What this reveals is that creating sustained change requires the involvement of an organization as a whole, starting with leadership.  A gate-keeper approach to change cannot work because an organization does not transform by the will and direction of leadership (or HR on its behalf for that matter), but the empowerment of the individuals of the organization to take it in a new direction.  Yet, so long as leaders prefer to command and control, this cannot occur.  A new ERP system may be rammed into the organization, but thereby creating a level of ignorance, even resentment, rather than empowerment.  HR may address employee engagement with various communications transactions but that will likely get scoffed at.

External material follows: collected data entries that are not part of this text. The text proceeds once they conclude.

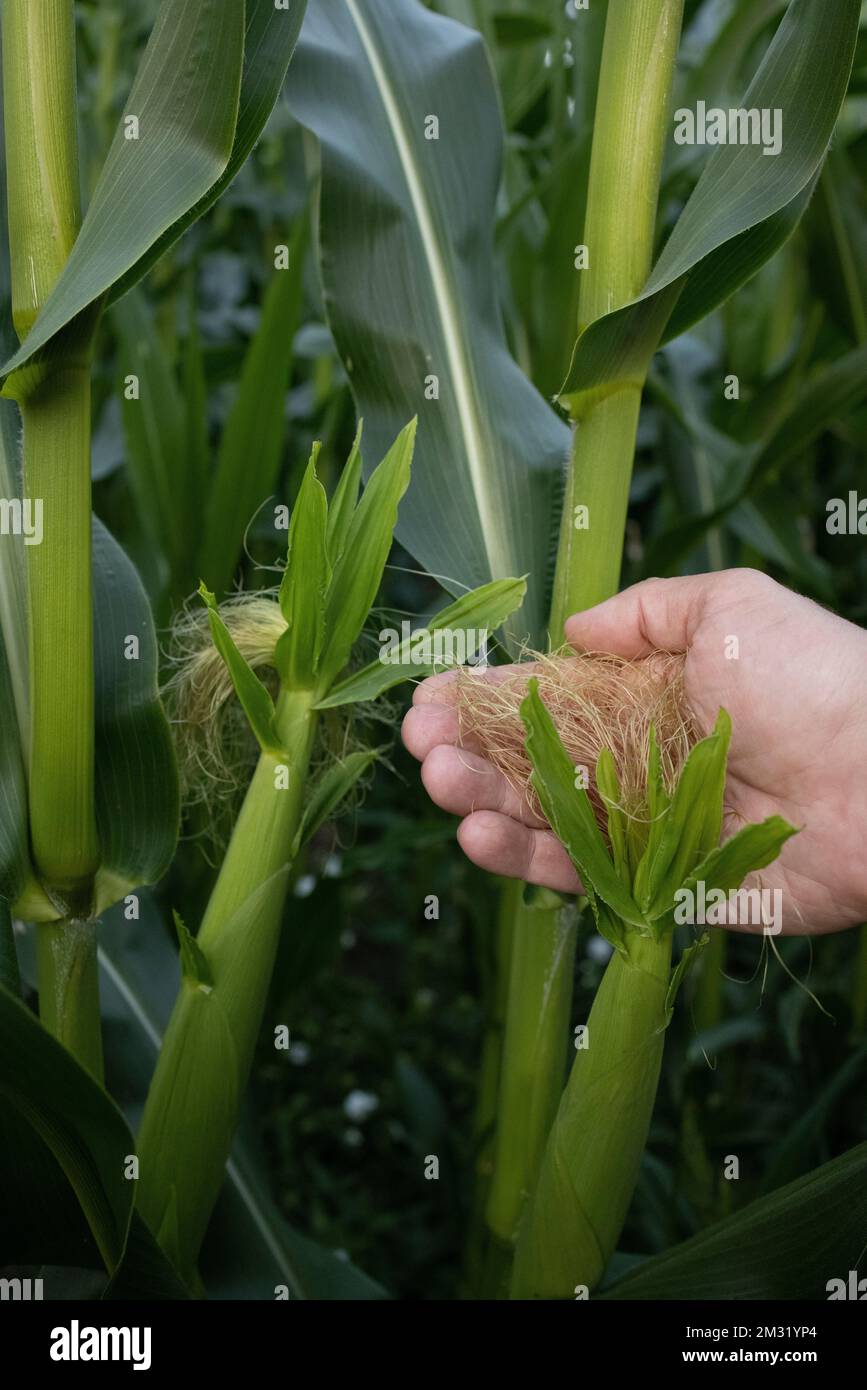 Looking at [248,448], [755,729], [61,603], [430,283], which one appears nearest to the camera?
[61,603]

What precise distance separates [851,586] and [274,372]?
107 centimetres

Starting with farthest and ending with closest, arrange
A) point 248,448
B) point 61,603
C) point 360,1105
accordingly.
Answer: point 360,1105 < point 248,448 < point 61,603

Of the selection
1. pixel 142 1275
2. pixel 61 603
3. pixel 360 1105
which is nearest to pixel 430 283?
pixel 61 603

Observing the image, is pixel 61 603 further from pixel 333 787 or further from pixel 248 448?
pixel 248 448

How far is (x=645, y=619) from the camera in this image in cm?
91

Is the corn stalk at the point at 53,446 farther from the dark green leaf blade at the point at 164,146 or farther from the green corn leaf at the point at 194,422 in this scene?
the green corn leaf at the point at 194,422

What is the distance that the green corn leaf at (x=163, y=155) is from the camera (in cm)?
69

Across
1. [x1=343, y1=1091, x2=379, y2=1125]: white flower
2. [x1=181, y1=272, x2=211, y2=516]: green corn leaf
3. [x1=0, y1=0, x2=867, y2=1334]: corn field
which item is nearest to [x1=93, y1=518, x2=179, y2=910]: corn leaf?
[x1=0, y1=0, x2=867, y2=1334]: corn field

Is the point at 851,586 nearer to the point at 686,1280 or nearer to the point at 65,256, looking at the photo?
the point at 686,1280

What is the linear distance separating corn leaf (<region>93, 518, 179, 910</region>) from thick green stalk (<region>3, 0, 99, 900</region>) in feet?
0.21

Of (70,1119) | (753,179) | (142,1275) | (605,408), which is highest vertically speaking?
(753,179)

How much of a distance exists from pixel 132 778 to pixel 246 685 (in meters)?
0.18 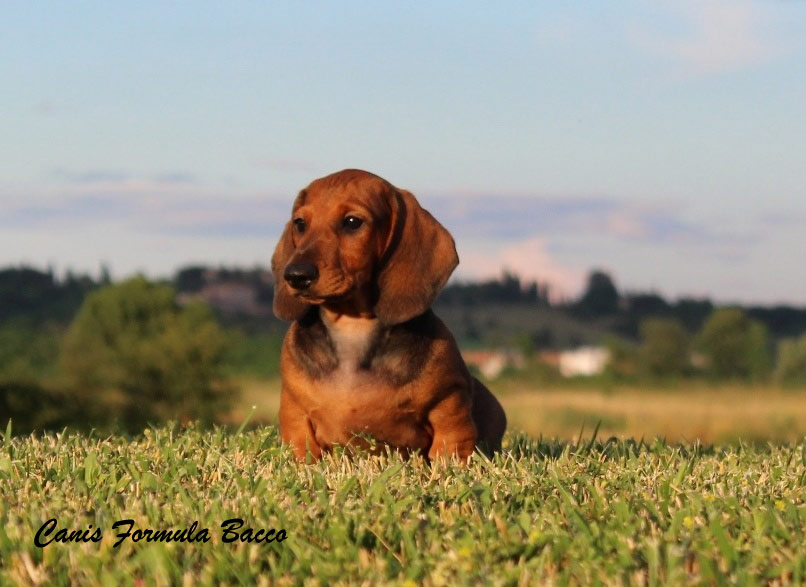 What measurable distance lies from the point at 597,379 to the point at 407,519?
42872mm

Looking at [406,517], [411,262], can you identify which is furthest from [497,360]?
[406,517]

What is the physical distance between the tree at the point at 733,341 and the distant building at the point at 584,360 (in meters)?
7.66

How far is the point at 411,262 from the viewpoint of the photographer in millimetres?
6348

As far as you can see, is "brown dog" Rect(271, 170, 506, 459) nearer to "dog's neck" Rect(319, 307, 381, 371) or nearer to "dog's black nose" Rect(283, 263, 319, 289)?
"dog's neck" Rect(319, 307, 381, 371)

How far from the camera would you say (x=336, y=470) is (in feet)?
20.0

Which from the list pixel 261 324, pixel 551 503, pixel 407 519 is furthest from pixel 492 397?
pixel 261 324

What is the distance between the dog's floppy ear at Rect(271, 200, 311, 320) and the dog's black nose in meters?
0.45

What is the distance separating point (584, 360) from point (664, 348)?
14.9 ft

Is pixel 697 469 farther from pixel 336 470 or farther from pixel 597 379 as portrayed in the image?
pixel 597 379

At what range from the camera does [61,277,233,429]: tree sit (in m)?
41.1

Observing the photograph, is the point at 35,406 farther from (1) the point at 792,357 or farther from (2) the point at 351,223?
(1) the point at 792,357

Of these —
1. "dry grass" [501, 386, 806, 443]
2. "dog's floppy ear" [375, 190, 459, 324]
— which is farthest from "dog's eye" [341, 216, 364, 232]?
"dry grass" [501, 386, 806, 443]

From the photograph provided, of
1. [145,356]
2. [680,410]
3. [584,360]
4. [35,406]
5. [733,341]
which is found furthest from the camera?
[733,341]

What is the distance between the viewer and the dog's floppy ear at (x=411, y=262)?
246 inches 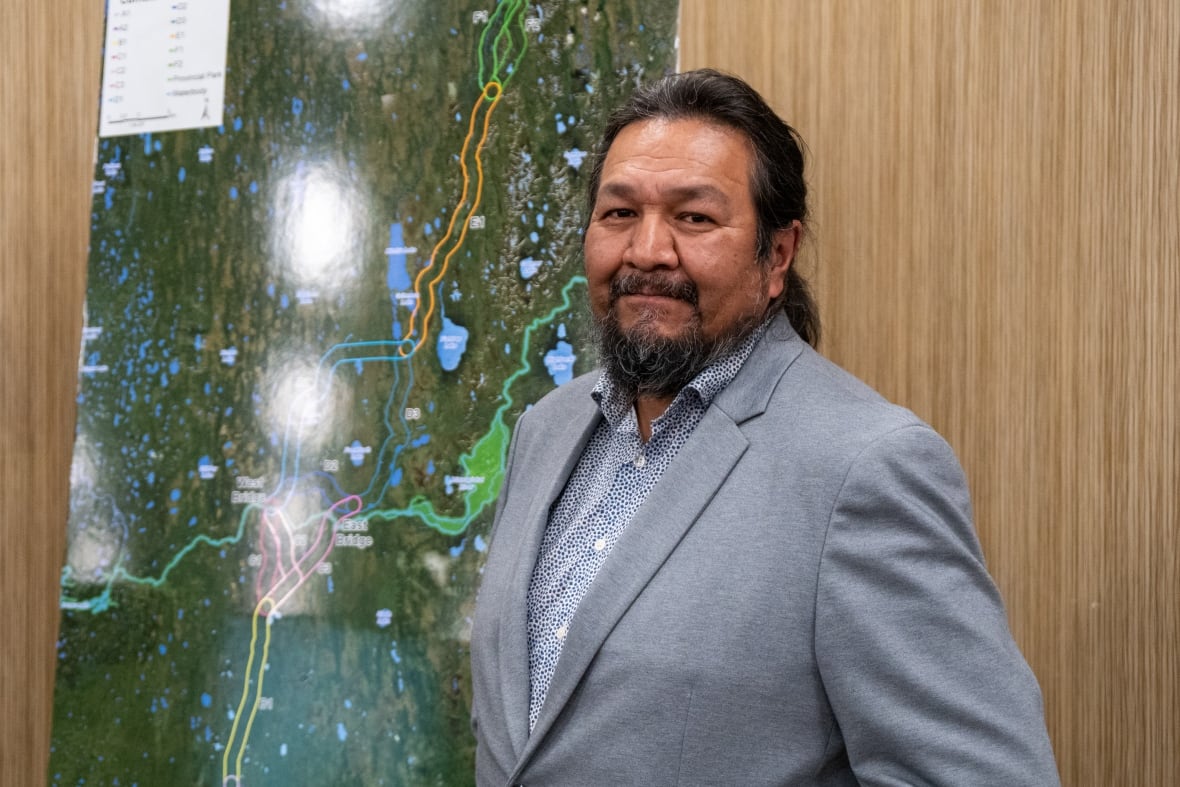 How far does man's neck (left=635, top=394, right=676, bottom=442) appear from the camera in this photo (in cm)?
140

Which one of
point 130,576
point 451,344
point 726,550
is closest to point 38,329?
point 130,576

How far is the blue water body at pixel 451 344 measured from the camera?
6.21 ft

No, transformation comes through evolving interactions, addressing emotion and developing rapport, even relationships 😱, across the organization.  As leaders, are you willing to enter these realms?

I caught an interesting article recently on LinkedIn, Power Causes Brain Damage.  It got me pondering and recalling the impact the Milgram Experiment we watched in a Methods of Organizational Research class had on me where I realized our temptation to abdicate personal responsibility when someone will take that mantle from us.  Along with another part of my research on leadership, where I came upon how charismatic leaders can easily take up the responsibility of those in depressed, repressed or oppressed circumstances, it occurs to me that followers have a responsibility in the corruption of power, especially in leadership.

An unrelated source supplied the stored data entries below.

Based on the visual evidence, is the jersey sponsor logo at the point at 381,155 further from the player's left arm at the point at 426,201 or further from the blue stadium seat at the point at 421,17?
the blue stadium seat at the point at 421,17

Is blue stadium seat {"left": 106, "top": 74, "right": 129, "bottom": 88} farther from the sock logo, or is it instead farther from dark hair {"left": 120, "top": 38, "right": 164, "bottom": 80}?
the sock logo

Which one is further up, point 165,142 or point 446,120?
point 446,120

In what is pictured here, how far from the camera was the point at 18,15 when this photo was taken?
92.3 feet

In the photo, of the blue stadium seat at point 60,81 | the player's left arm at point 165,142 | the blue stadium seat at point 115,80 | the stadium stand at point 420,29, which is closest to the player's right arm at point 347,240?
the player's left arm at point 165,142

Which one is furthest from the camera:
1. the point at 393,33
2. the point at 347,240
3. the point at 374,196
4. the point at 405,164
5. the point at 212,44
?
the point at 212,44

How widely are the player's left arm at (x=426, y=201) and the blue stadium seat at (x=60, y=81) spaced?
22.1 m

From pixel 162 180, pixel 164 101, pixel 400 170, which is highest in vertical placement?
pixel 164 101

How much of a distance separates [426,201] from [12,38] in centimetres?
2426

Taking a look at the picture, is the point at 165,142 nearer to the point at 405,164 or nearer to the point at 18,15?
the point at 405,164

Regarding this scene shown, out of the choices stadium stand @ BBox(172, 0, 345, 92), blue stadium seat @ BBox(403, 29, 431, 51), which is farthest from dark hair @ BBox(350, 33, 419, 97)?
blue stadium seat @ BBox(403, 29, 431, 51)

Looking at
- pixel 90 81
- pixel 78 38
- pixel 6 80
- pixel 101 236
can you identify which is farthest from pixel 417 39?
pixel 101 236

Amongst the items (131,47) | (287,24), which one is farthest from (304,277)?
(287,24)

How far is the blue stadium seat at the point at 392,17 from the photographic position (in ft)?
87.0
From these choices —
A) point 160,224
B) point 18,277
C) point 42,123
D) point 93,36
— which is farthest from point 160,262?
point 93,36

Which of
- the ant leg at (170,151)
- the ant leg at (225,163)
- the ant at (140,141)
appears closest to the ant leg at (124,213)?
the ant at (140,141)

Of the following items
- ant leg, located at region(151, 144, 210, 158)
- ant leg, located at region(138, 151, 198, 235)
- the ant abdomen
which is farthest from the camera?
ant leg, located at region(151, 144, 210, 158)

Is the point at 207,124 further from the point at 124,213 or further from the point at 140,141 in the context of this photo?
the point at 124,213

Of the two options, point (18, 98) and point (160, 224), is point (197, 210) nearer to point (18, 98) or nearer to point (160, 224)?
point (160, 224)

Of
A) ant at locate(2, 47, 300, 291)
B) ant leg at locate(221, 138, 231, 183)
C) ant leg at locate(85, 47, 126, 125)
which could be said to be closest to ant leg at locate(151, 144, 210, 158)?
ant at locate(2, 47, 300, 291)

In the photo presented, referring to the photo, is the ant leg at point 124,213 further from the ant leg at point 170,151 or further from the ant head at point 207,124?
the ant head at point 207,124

Effective leaders will keep those around them who are able to keep them in check and rooted in reality, even empathy.  Unfortunately, we see too many leaders who are not so effective, right?  Leadership can be isolating unless precautions are taken and that takes awareness.  Awareness takes learning.  Too often, those merely vocationally or academically skilled are promoted without learning how to lead others, let alone themselves.

Then there is the Navigating Conflict workshop I developed and facilitated based on the Peter T. Coleman and Robert Ferguson book, Making Conflict Work.  It reveals how power, relationship and goal compatibility impact how we navigate conflict.  Human sociology is naturally hierarchical, yet as even revealed in the book, we know the effective and compatible use of power when we encounter it.  Don’t we?  If we delineate power along a continuum of self-serving to common good or socially responsible, when those with power start leaning too far into self-serving, as followers, what do we do?  We appease, we submit, we navigate around.  It may work, at least in the short term, but how often do we let it become a long term proposition?  How often do we let the fear of self-serving power go unchecked?  It seems to me that in the face of self-serving power, we reflexively retreat to a follower’s version of it.  Do you witness that?  We retreat into fear and fall into protecting ourselves.  I see this retreat, however naturally human, as abdicating our followers’ version of social responsibility.  It creates an ugly cycle, doesn’t it?

I have long advocated and facilitated the idea of self-leadership being a skill for all to develop – those inclined to follow as well as lead.  It involves developing self-awareness, effective communication and relationship building capabilities, collaboration and teaming savvy, conflict navigation, emotional intelligence, and other ways of being more socially effective.  Anyone can pursue these concepts.  They can be naturally derived from effective family leaders, academic experiences that put us in circumstances that can organically nurture our need to be more effective with others.  Unfortunately, those same self-protective aspects of human nature can play out within those same circumstances, so we all need exposure to more effective and socially responsible ways of being.   This could even be the case for the more vocationally minded, whom we, in the US, have not seen fit to value and support with an educational path.

I see self-leadership as a way to developing better followers, better follower-ship, where we, with care and consideration, keep the powerful, especially those in leadership, in check, even if they haven’t chosen us to do so.

I welcome your thoughts on the matter.  Please chime in!